> **AVAILABLE RECORDS**:
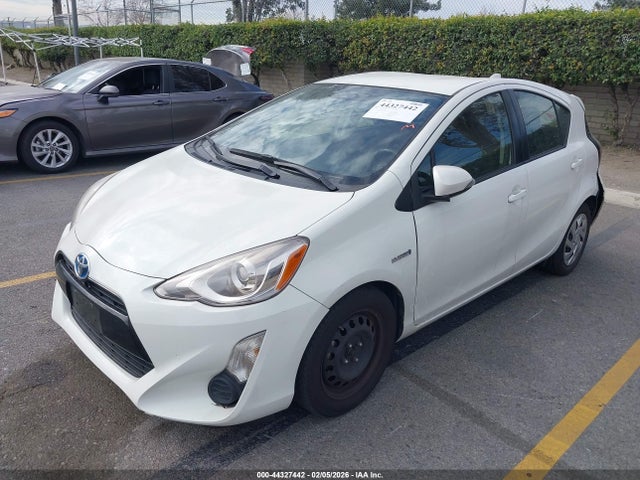 TOYOTA PRIUS C - 2
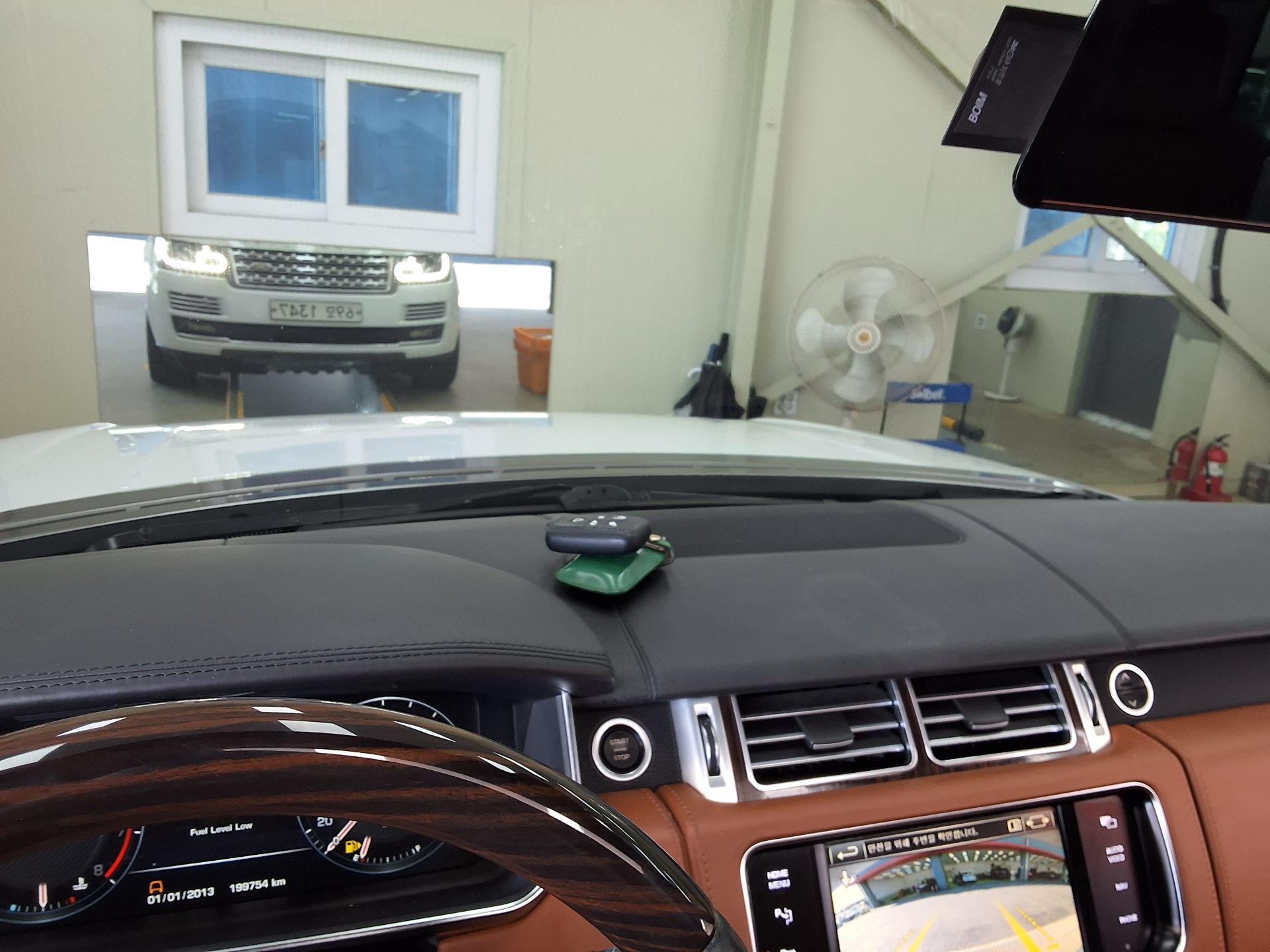 LAND ROVER RANGE ROVER (4TH GEN) 5.0 V8 SC LWB AB 2014 - zdjęcie 25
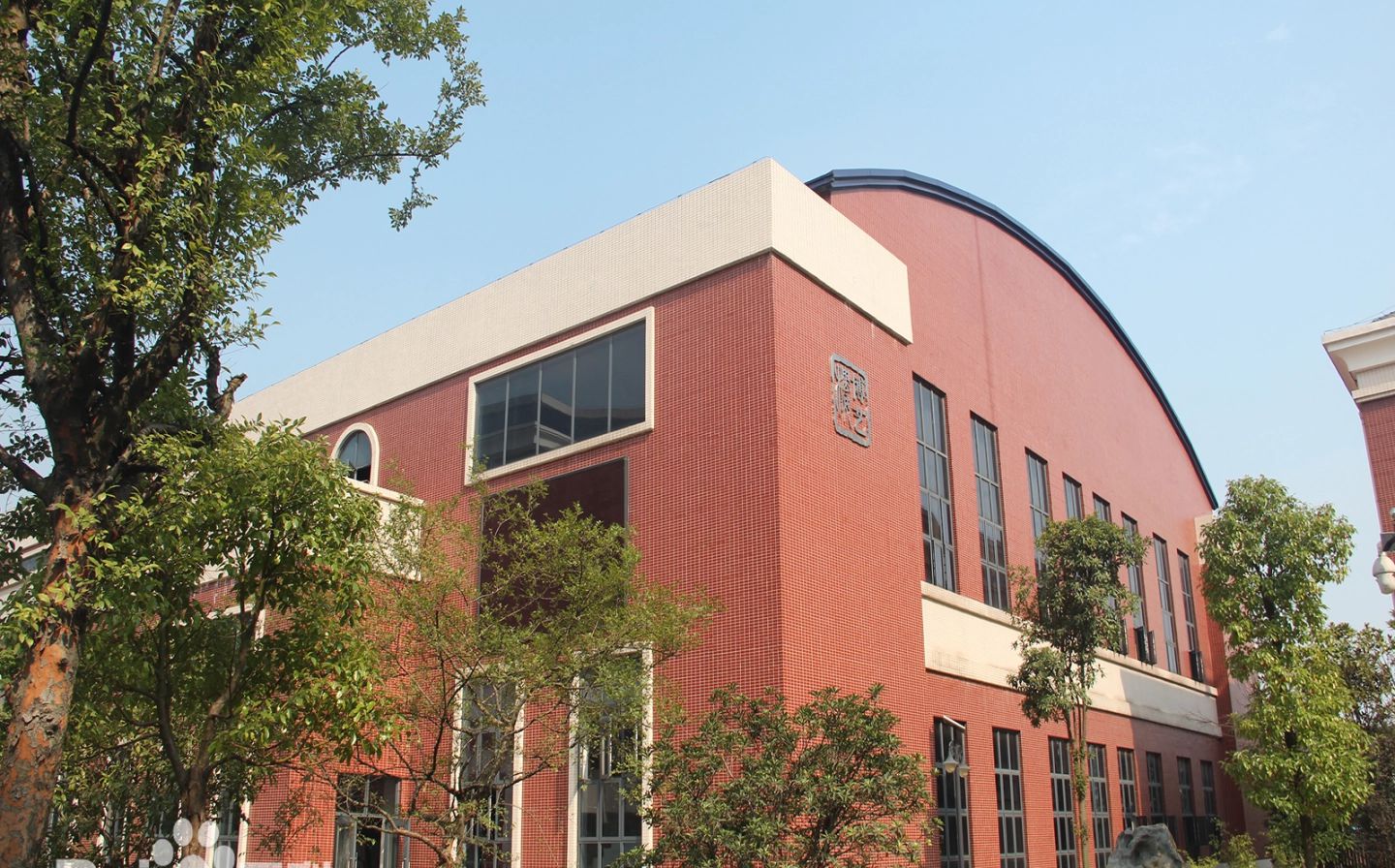 湖南师范大学从属中黉舍区在哪_在甚么区？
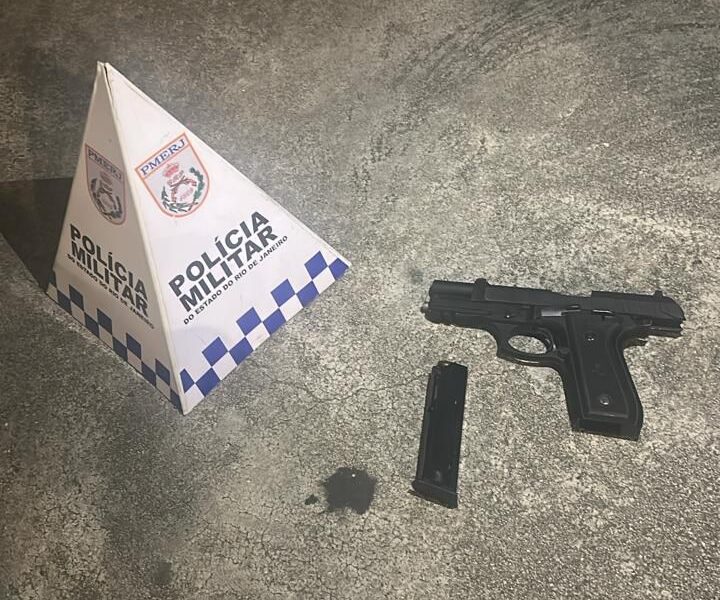 PM encontra pistola e munições e prende homem em flagrante em Macaé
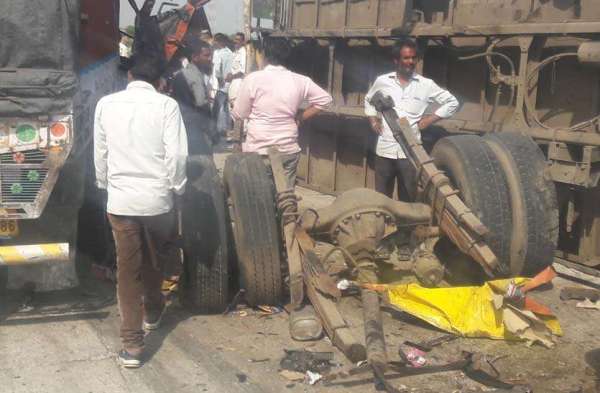 two-injured-in-container-truck-collision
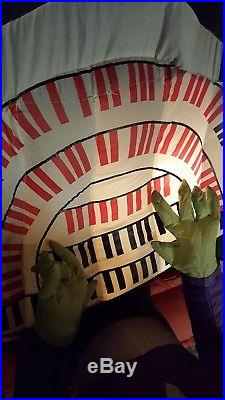 RARE Gemmy Airblown Inflatable Halloween Organ With Sound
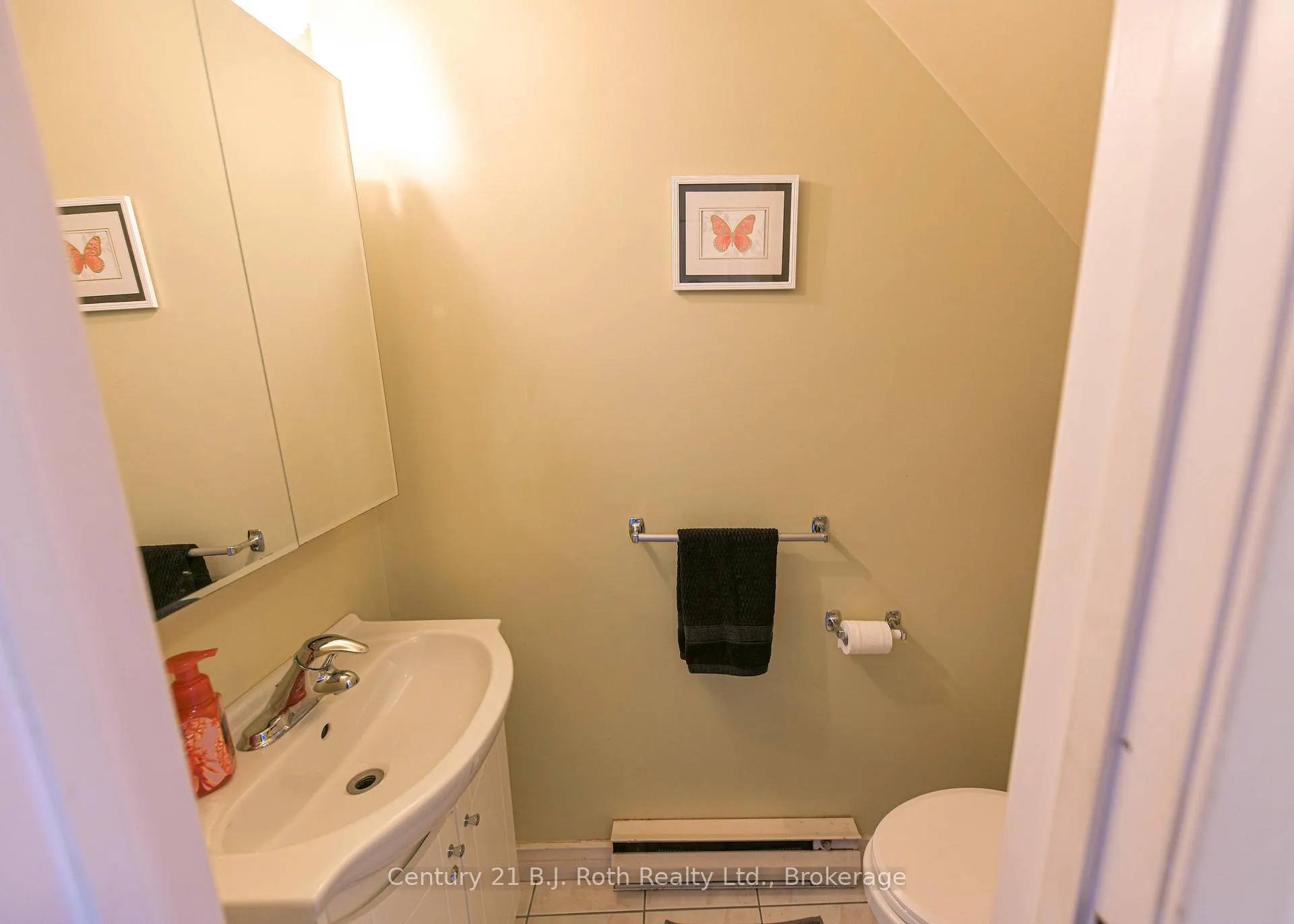 Photo 11 of Unit 21, 40 Victoria Crescent, Orillia — HOMEH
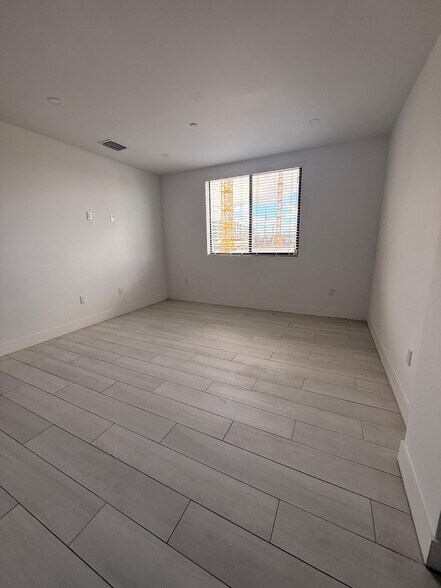 Building Photo - 765 E 20th St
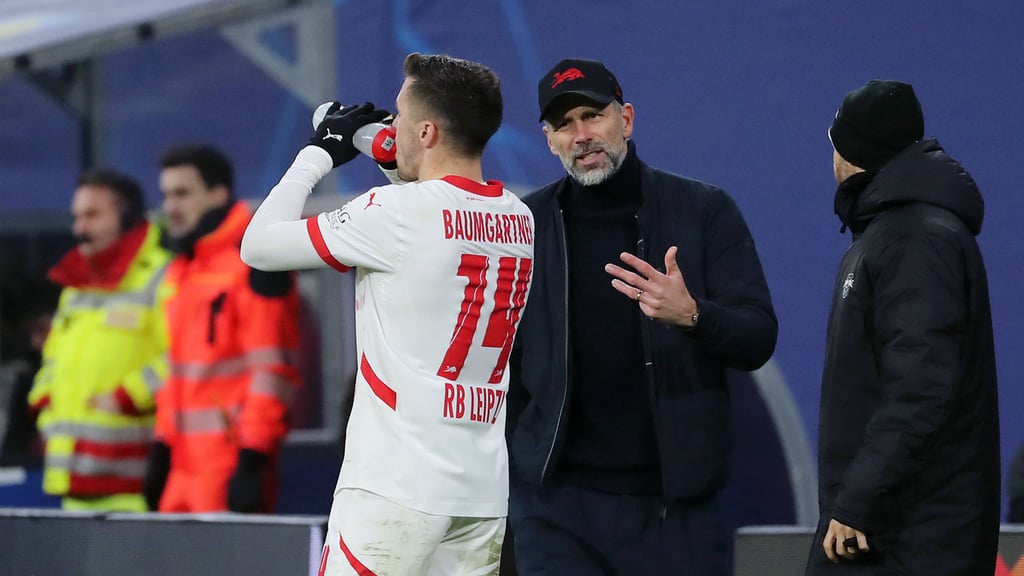 RB-Trainer Marco Rose redet mit Christoph Baumgartner.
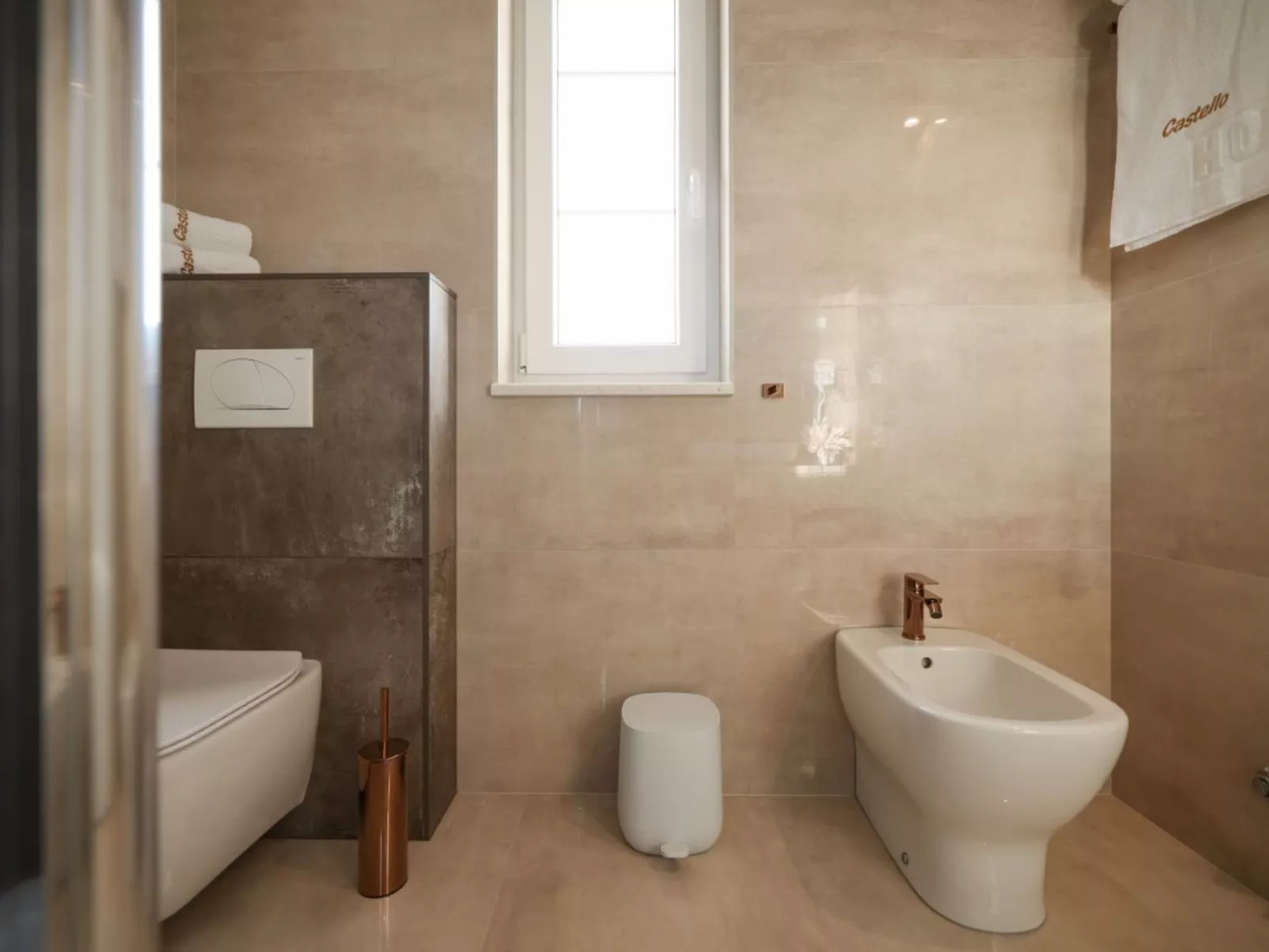 Gästezimmer "Rosa Zimmer" mit Balkon - Binnen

> **WORK TO BE COMPLETED**:
In your answer, copy exactly the lines running from the line with "two-injured-in-container-truck-collision" to the end of the material above, both included, and omit all pictures.

> **YOUR SOLUTION**:
 two-injured-in-container-truck-collision
 RARE Gemmy Airblown Inflatable Halloween Organ With Sound
 Photo 11 of Unit 21, 40 Victoria Crescent, Orillia — HOMEH
 Building Photo - 765 E 20th St
 RB-Trainer Marco Rose redet mit Christoph Baumgartner.
 Gästezimmer "Rosa Zimmer" mit Balkon - Binnen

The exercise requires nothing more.